Memo to consumers bilked by deceptive advertising: It's time to put the Federal Trade Commission back in your Rolodex. If you complain, the commission might actually listen.
The FTC's job is to pursue deception and fraud. During the Reagan years, however, the commission all but went out of business. One reason you see so many unsubstantiated health and environmental claims on products is that few national efforts have been made to tell advertisers no.
Happily, the climate has changed. Under Chairman Janet D. Steiger, the FTC is bringing some high-profile cases to warn businesses that the cop is finally back on the beat. Last year, it filed 30 consumer-protection lawsuits, more than double the number filed in 1987.
Actions against deceptive ads also are up.
The FTC doesn't handle individual complaints. For that, you have to pester the executives of the company in question, or write to a state or local consumer agency or your state attorney general.
But one way the commission learns about fraud is through the letters consumers write. In the Reagan era, such letters were generally a waste of your time, and even now the FTC cannot follow up on every case. Still, all letters are read, acknowledged and logged into a computer that looks for patterns that
might spark an investigation. So send your complaint to Correspondence Branch, Federal Trade Commission, Washington, D.C. 20580.
Recently, the FTC has:
* Charged the manufacturers and marketers of a purported cure for acquired immune deficiency syndrome, Immune Plus, with false and deceptive advertising.
* Found Kraft Inc. guilty of misrepresenting the amount of calcium in its individual cheese slices. Kraft was hit with an order not to misrepresent the nutrients in any cheese products.
* Held the New York ad agency Towne, Silverstein, Rotter liable, along with its client, Lewis Galoob Toys, for making false and deceptive claims about how the toys performed. That was the first case against an ad agency since 1985. Similarly, the FTC recently held a mail-order company, Haverhill, responsible for false claims about the goods in its catalogs.
* Filed its first three cases against companies with dubious "900" and "976" telephone numbers. Those companies get you to call their numbers without disclosing how much you have to pay per minute.
* Settled its first case in eight years against a company that stopped its dealers from cutting prices. The company, Kreepy Krauly U.S.A., makes devices that clean swimming pools. During the Reagan era, the FTC saw nothing wrong with agreements that kept retail prices up. Its change of heart should lead to lower prices for some products.
Ironically, many businesses are applauding the FTC's return to life. When the commission entered hibernation, the more activist states stepped into the breach -- passing consumer-protection laws and enforcing the fairness standards that the FTC had left to rot. Suddenly, companies were facing a welter of laws and rules that varied by state, and they didn't like it. As one executive told me, "I'd rather be regulated by one big gorilla than by 50 monkeys."
You mighty see this change first in the area of environmental claims.

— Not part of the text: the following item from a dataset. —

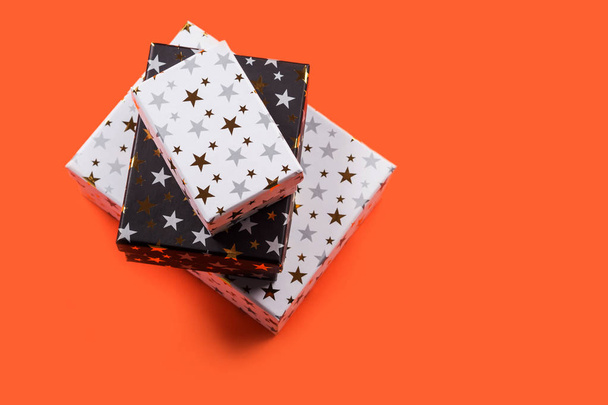 Пачка подарочных коробок со звездами на оранжевом
 - Фото, изображение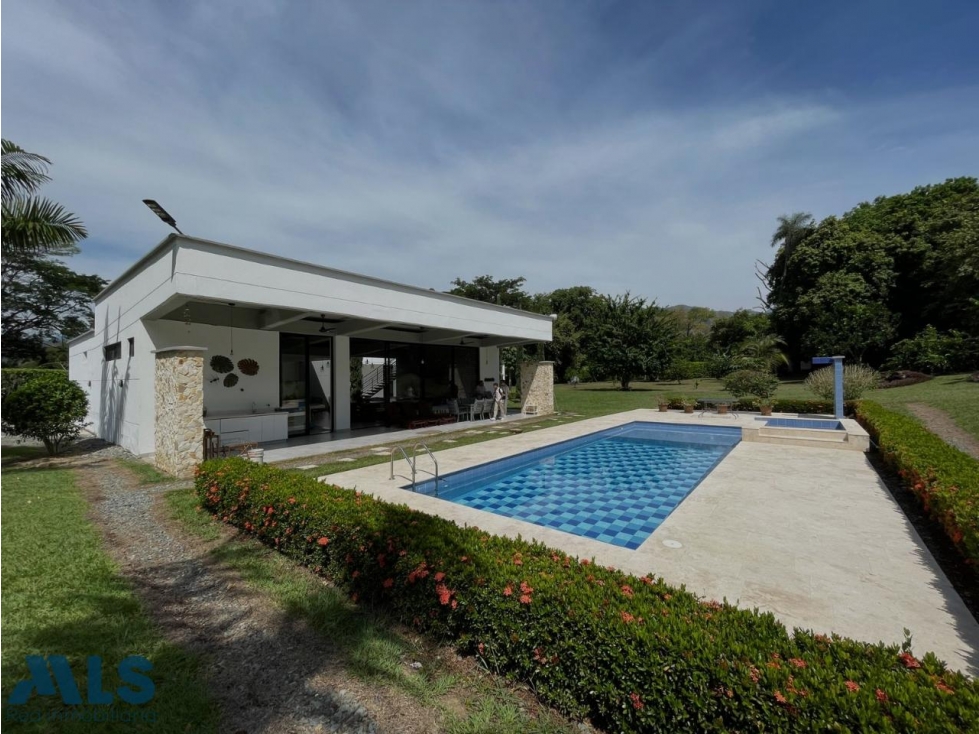 FINCA INDEPENDIENTE EN VENTA EN SANTA FE DE ANTIOQUIA — foto 2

A number of states have started to define exactly what a "recycled" or "biodegradable" product is, and they
don't all agree. The FTC might establish more general guidelines that, businesses hope, would head off further state regulation. The FTC has 20 such cases under investigation, says Barry Cutler, director of the commission's Bureau of Consumer Protection.
Cutler objects to specific definitions. "If you say that recycled paper has to contain at least 25 percent of post-consumer waste, you're setting a product standard" that rewards some businesses but not others, he says.
His preferred approach is to consider what a word such as "biodegradable" means to consumers and to keep advertisers from using the word deceptively.